Task to complete
From the entries below, return exactly the lines beginning at the one that contains "メーカー不明 アコースティックギター用ハードケース -GRUN" and ending at the one that contains "GE Dishwasher Door", both of them included, and only those lines.

Material supplied
◆ ◆ ◆
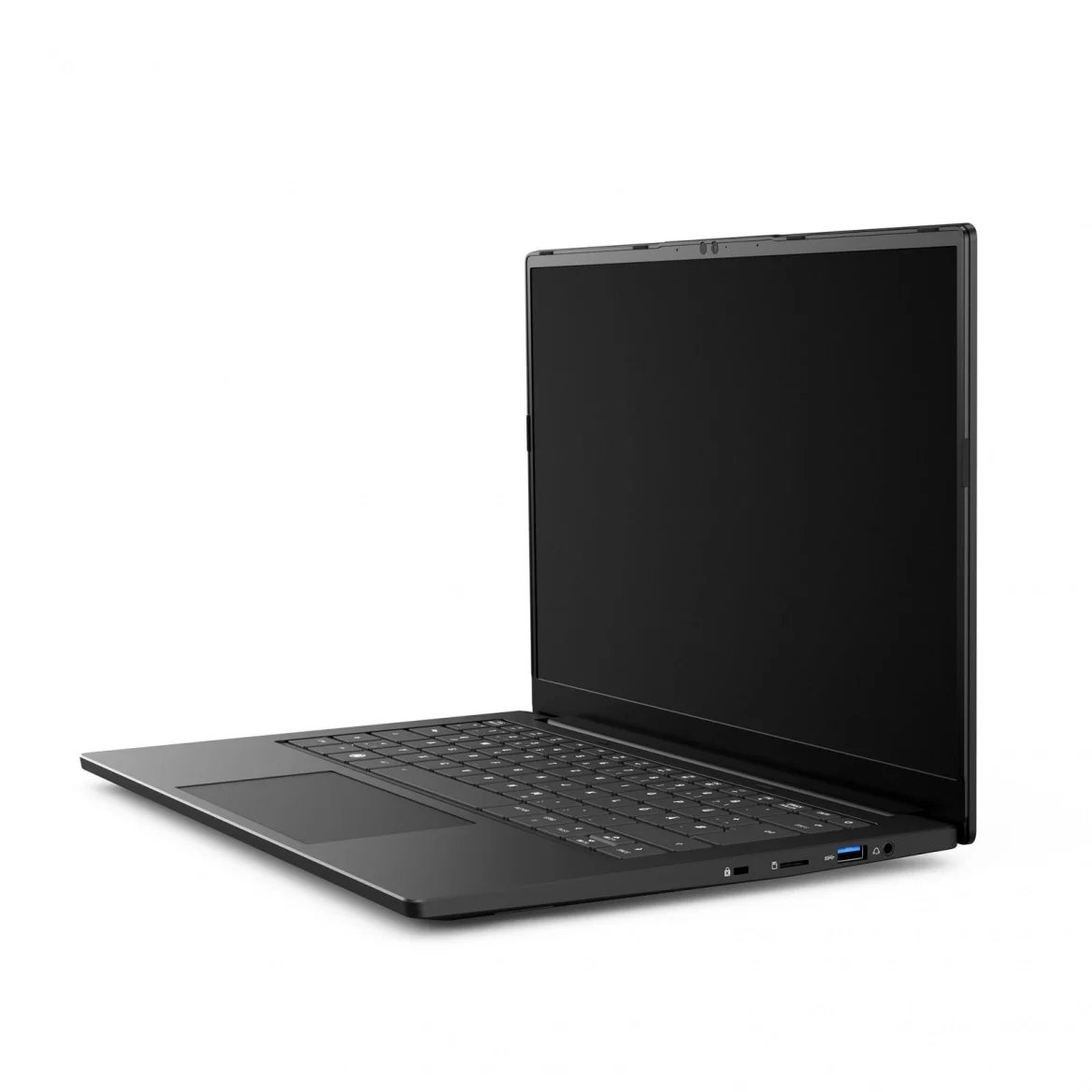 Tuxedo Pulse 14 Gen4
◆ ◆ ◆
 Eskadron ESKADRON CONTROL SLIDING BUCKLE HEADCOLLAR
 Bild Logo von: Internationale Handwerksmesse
◆ ◆ ◆
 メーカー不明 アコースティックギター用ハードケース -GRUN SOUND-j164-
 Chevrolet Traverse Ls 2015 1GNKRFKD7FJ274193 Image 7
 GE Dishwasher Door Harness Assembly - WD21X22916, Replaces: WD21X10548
◆ ◆ ◆
Exercise response
 メーカー不明 アコースティックギター用ハードケース -GRUN SOUND-j164-
 Chevrolet Traverse Ls 2015 1GNKRFKD7FJ274193 Image 7
 GE Dishwasher Door Harness Assembly - WD21X22916, Replaces: WD21X10548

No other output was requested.